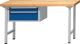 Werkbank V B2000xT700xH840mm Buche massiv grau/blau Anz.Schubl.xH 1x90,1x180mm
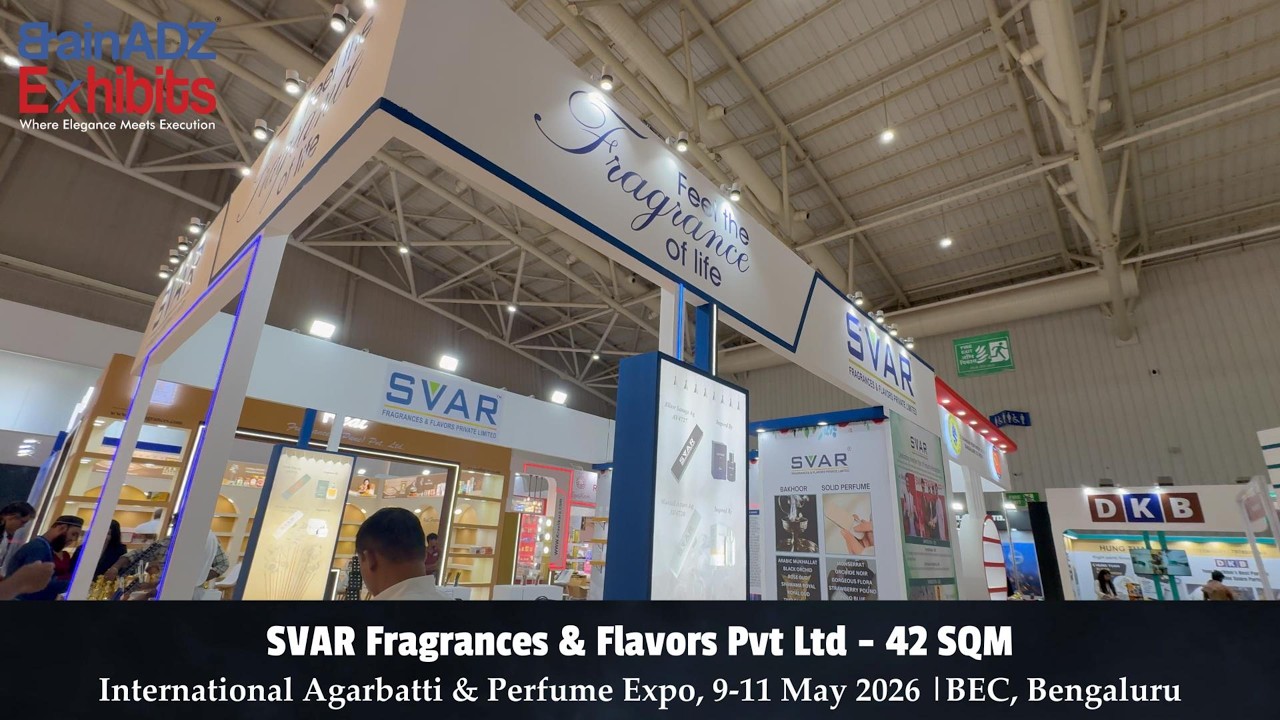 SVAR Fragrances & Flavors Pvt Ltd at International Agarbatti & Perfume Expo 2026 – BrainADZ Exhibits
⁂
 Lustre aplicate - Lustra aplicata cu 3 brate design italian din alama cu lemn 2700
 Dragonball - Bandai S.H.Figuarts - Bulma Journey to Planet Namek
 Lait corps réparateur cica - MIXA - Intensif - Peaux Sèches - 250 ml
⁂
*ACTIVITY:*
Write out exactly the lines above between the line with "Lustre aplicate - Lustra" and the line with "Lait corps réparateur", inclusive, and nothing beyond them.

*RESPONSE TO THIS TASK:*
 Lustre aplicate - Lustra aplicata cu 3 brate design italian din alama cu lemn 2700
 Dragonball - Bandai S.H.Figuarts - Bulma Journey to Planet Namek
 Lait corps réparateur cica - MIXA - Intensif - Peaux Sèches - 250 ml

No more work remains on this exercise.